Go through the entries below and print, exactly, the lines starting at the one with "326 Oleander Ave, Corpus Christi, TX 78404" and ending at the one with "Certified 2025 Hyundai", keeping both ends and no others.

DATA TO USE: Begin

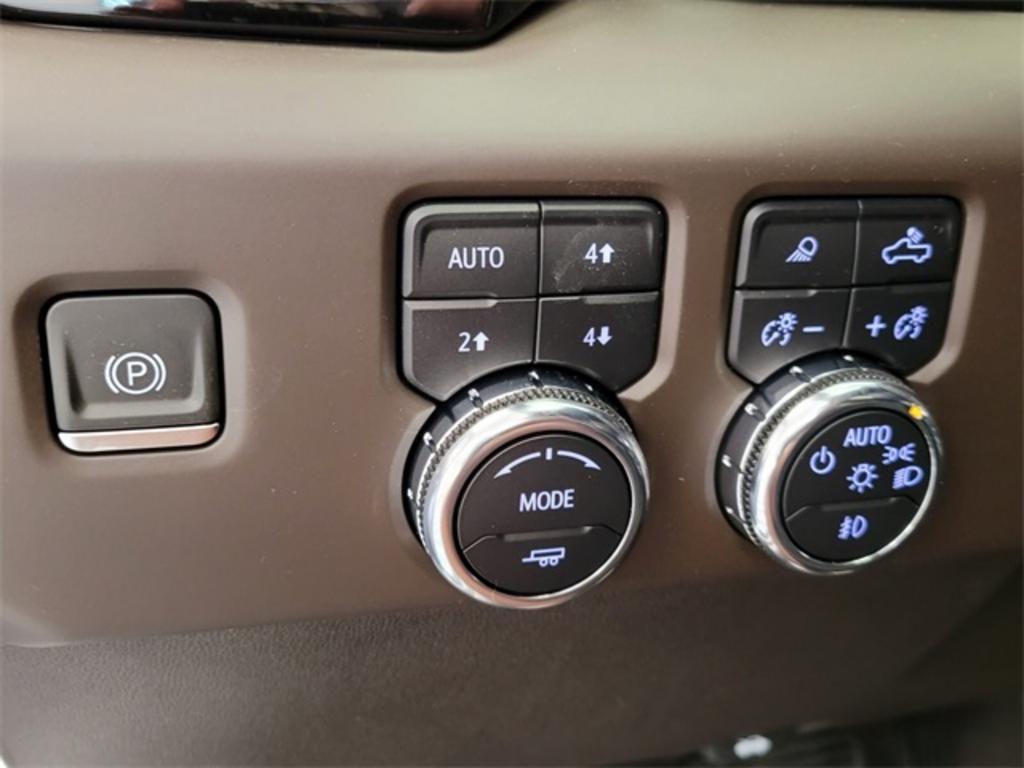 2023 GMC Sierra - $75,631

DATA TO USE: End
DATA TO USE: Begin

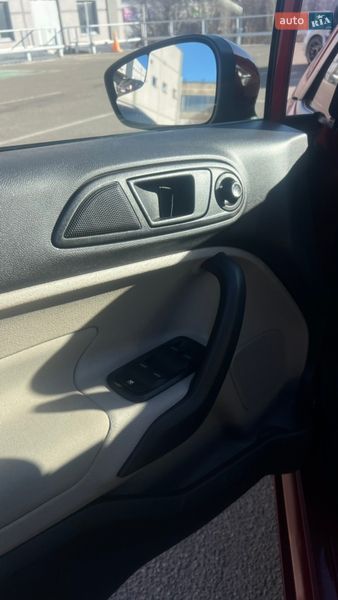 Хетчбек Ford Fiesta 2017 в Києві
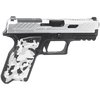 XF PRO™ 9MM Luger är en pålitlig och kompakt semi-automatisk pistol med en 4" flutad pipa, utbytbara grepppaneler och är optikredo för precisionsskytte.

DATA TO USE: End
DATA TO USE: Begin

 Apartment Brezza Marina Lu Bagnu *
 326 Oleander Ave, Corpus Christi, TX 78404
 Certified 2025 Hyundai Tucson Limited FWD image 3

DATA TO USE: End

RESULT OF THE EXERCISE:
 326 Oleander Ave, Corpus Christi, TX 78404
 Certified 2025 Hyundai Tucson Limited FWD image 3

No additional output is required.